In [1]:
import numpy as np
from colored import fore

In [2]:

# Shape of environment
env_rows = 7
env_columns = 7

# 3D numpy array to hold the Q-values for each state and action pair
# 7 x 7 for states and 4 layers for each possible action for each state
# with values of each (state, action) pair initialized to 0
q_values = np.zeros((env_rows, env_columns, 4))

# actions as 0 = up, 1 = right, 2 = down, 3 = left
actions = ['up', 'right', 'down', 'left']

# 2D numpy array to hold the rewards for each state. 
# Contains 7 rows and 7 columns (to match the shape of the environment), and each value is initialized to -100.
rewards = np.full((env_rows, env_columns), -100.)
grid = np.full((env_rows, env_columns), fore.DARK_GRAY+"X")

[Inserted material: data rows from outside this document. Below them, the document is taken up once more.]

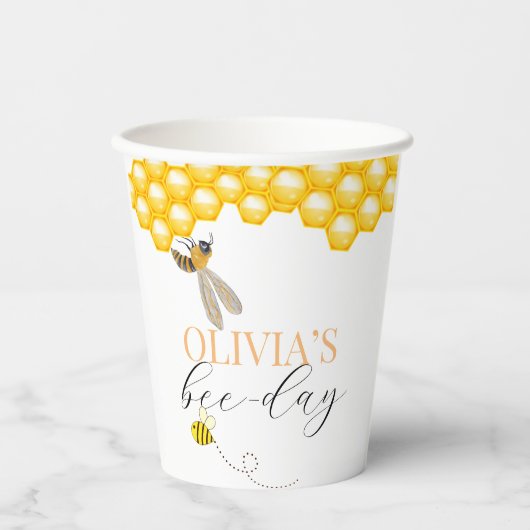 任意の年齢、蜂のテーマ誕生日 紙コップ (正面)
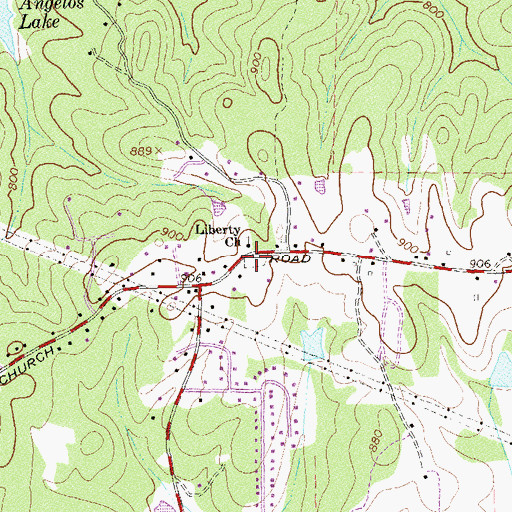 Topographic Map of Liberty Cemetery, GA
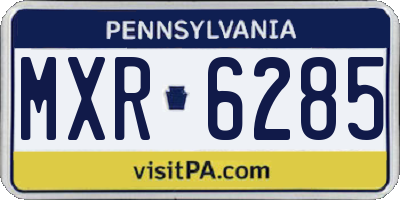 PA license plate MXR6285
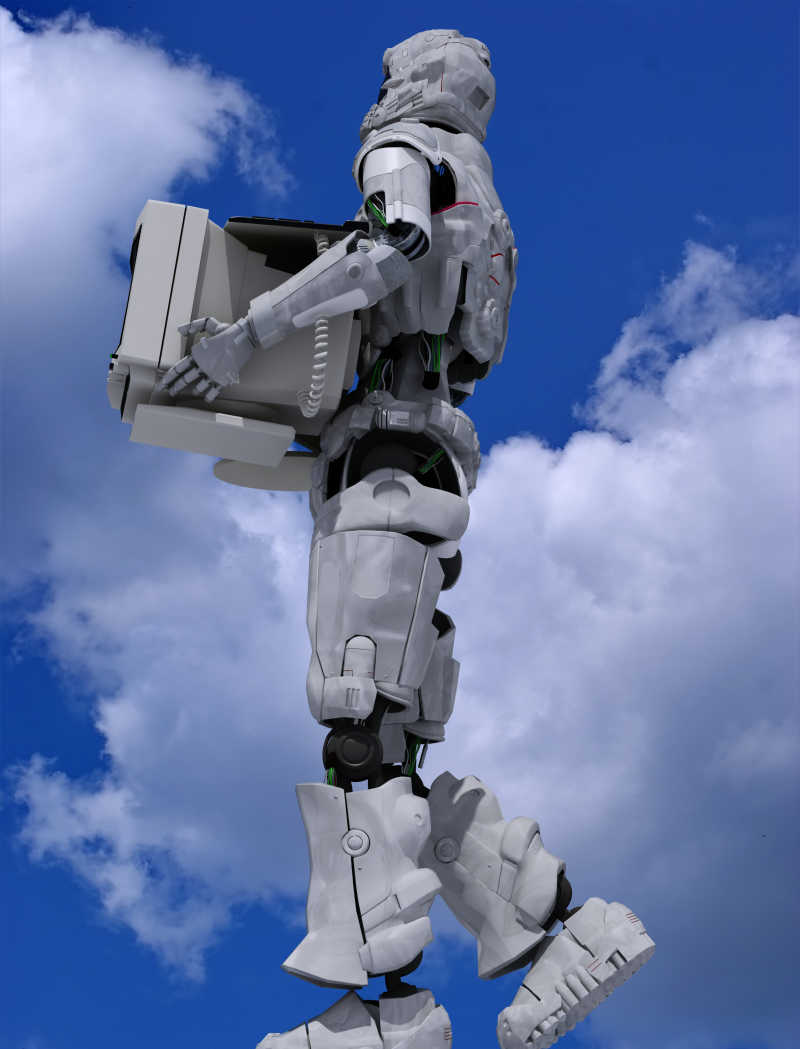 天空下抱着电脑行走的机器人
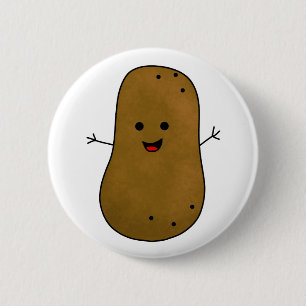 Badge Rond 5 Cm Patate heureuse mignonne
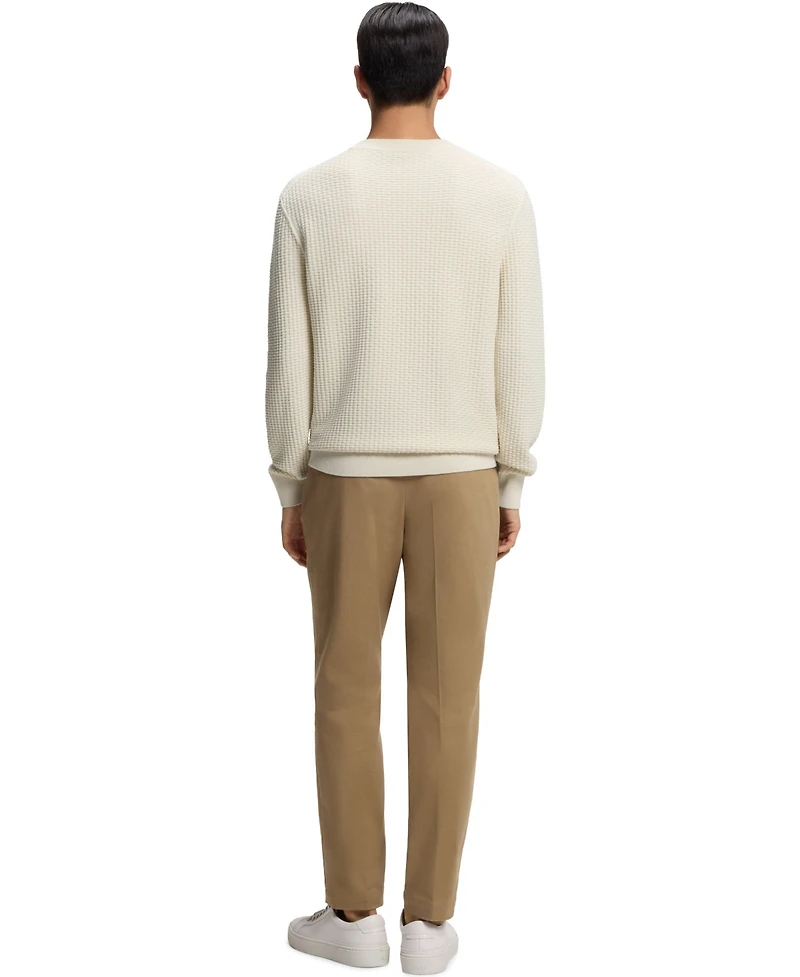 Boss by Hugo Men's Knitted Structure Cotton Sweater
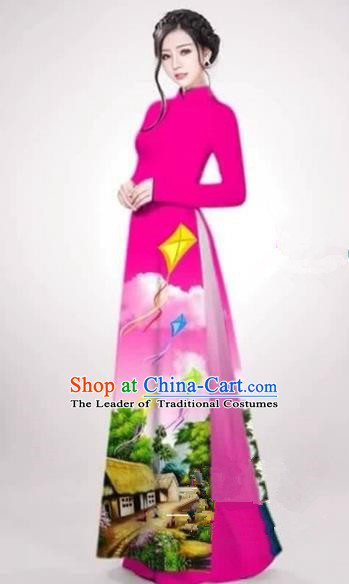 Traditional Top Grade Asian Vietnamese Costumes Dance Dress, Vietnam National Female Handmade Printing Rose Ao Dai Dress Cheongsam Clothing for Women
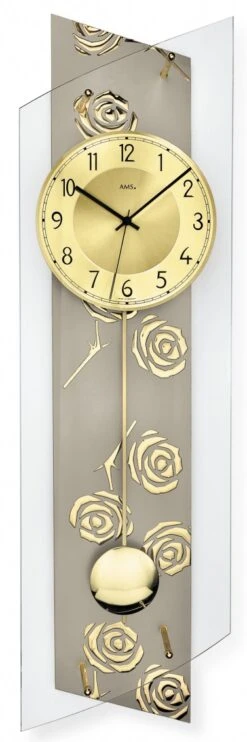 AMS Pendule Murale à Balancier Radio-pilotée Golden Flowercut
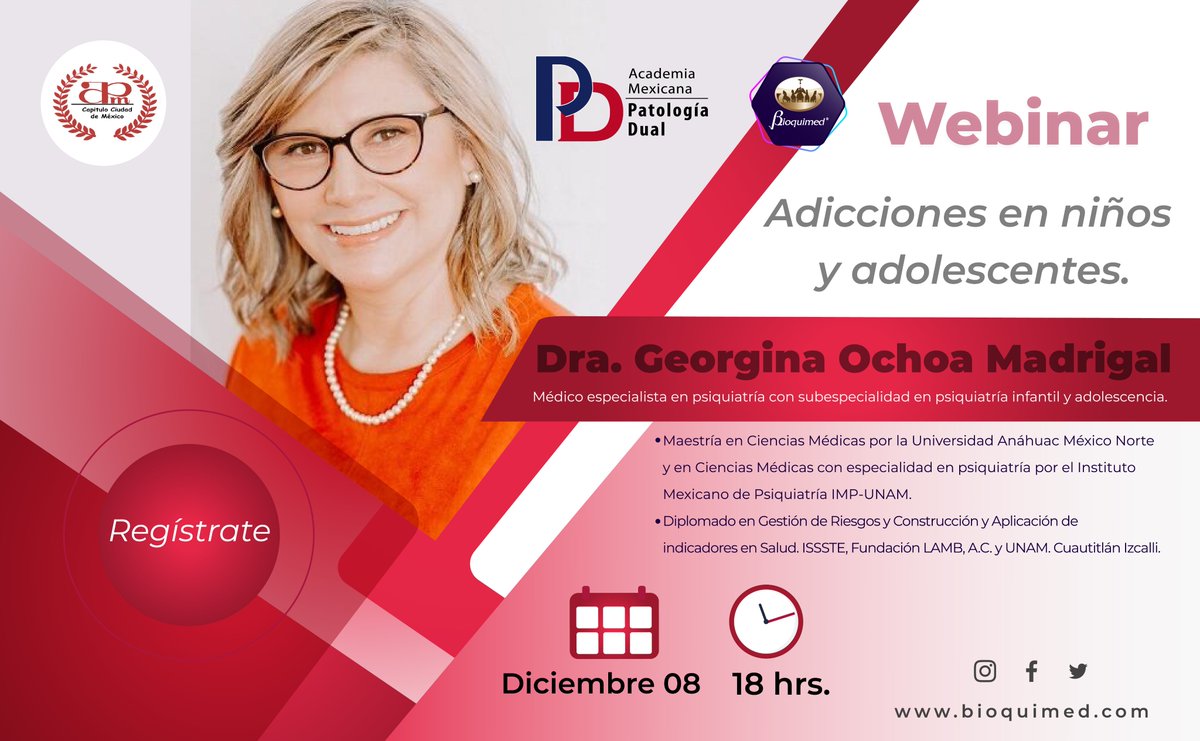 Bioquimedmx's tweet image. Forma parte de nuestro Webinar Gratuito "Adicciones en niños y Adolescentes" donde contaremos con la ponencia de la Dra. Georgina Ochoa Madrigal. Regístrate en el enlace bit.ly/2ZRtLfu ¡No te quedes fuera! #BioquimedCuidaTuSalud #webinar #adolescentes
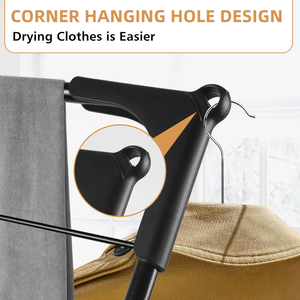 Cheap Price Foldable Metal <b>Laundry</b> Drying Rack for Bathroom with Hanger - Product Image 5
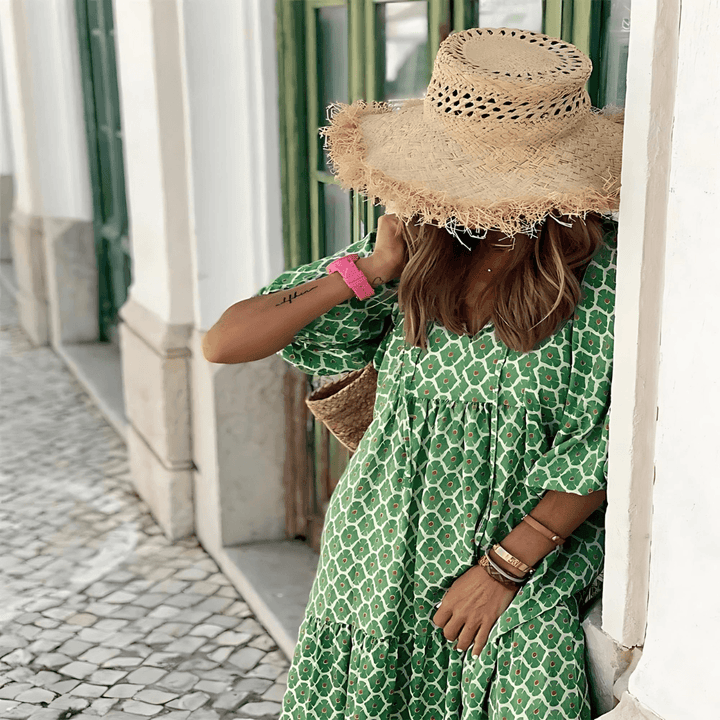 Haven | Woman’s Boho Polka Dot Vacation Maxi Dress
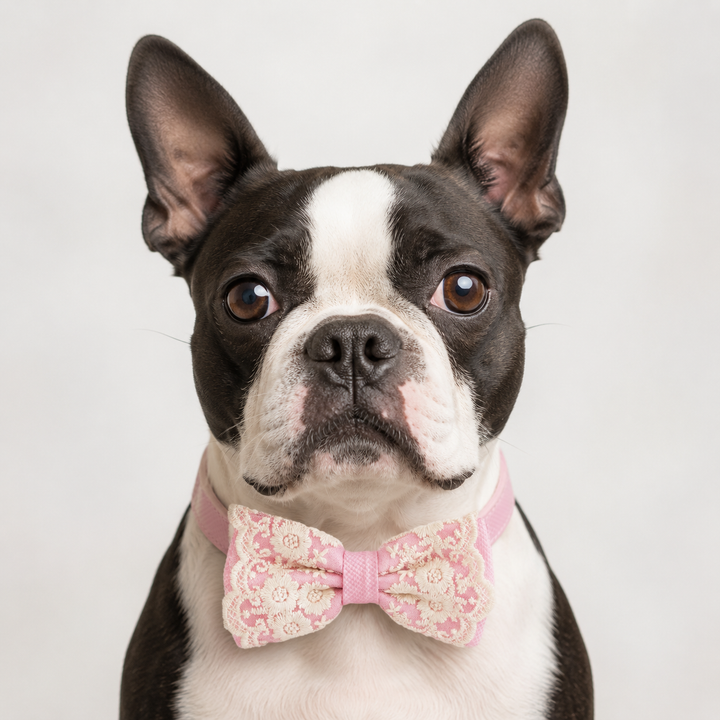 Boston Terrier wearing a soft pink floral lace dog bow tie collar with embroidered floral lace details and matching pink vegan leather collar for weddings, photoshoots, and special occasions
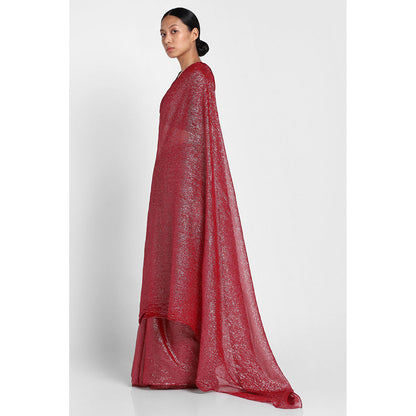 Via East Maroon Georgette Kaumudi Saree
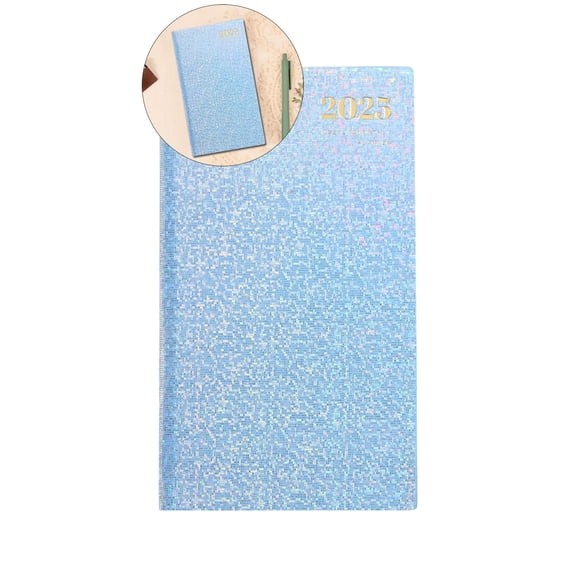 Dvruxg Portable Pocket Planner Notebook - Thick Paper Schedule Book Smooth Writing & Flat Flip Binding for Students & Professionals(Sky Blue)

# Reward for the Final Goal F set to 100
rewards[3, 3] = 100 
grid[3, 3] = fore.GREEN+"F"


In [3]:
# define White locations for rows 0 to 6
W = {} # store locations in a dictionary
W[0] = [0, 1, 2, 4, 5, 6]
W[1] = [0, 6]
W[2] = [i for i in range(1,7)]
W[3] = [0, 1, 5]
W[4] = [0, 1, 4, 5, 6]
W[5] = [0, 2, 3, 6]
W[6] = [1, 2, 3, 4, 6]

#set the rewards for all White locations 
for row_index in range(0, 7):
  for column_index in W[row_index]:
    rewards[row_index, column_index] = -4
    grid[row_index, column_index] = fore.LIGHT_GRAY+"W"

In [4]:
# define Grey locations for rows 0 to 6
X = {} # store locations in a dictionary
X[0] = [3]
X[1] = [1, 5]
X[3] = [2, 4, 6]
X[4] = [3]
X[5] = [1]
X[6] = [5]

In [5]:
# define Blue locations for rows 0 to 6
N = {} # store locations in a dictionary
N[0] = []
N[1] = [2, 3, 4]
N[2] = []
N[3] = []
N[4] = [2]
N[5] = [4]
N[6] = [0]

#set the rewards for all Blue locations 
for row_index in range(0, 7):
  for column_index in N[row_index]:
    rewards[row_index, column_index] = -2
    grid[row_index, column_index] = fore.BLUE+"N"

In [6]:
# define Orange locations for rows 0 to 6
S = {} # store locations in a dictionary
S[0] = []
S[1] = []
S[2] = [0]
S[3] = []
S[4] = []
S[5] = [5]
S[6] = []

#set the rewards for all Orange locations 
for row_index in range(0, 7):
  for column_index in S[row_index]:
    rewards[row_index, column_index] = -6
    grid[row_index, column_index] = fore.RED+"S"

In [7]:
# print rewards matrix
for row in rewards:
  print(row)

[  -4.   -4.   -4. -100.   -4.   -4.   -4.]
[  -4. -100.   -2.   -2.   -2. -100.   -4.]
[-6. -4. -4. -4. -4. -4. -4.]
[  -4.   -4. -100.  100. -100.   -4. -100.]
[  -4.   -4.   -2. -100.   -4.   -4.   -4.]
[  -4. -100.   -4.   -4.   -2.   -6.   -4.]
[  -2.   -4.   -4.   -4.   -4. -100.   -4.]


In [8]:
for row in grid:
    for column in row:
        print(column, end=" ")
    print()
print("______________")
    
grid_init = np.copy(grid) # to copy the default grid and use it to rnder the updated location each time

for row in grid_init:
    for column in row:
        print(column, end=" ")
    print()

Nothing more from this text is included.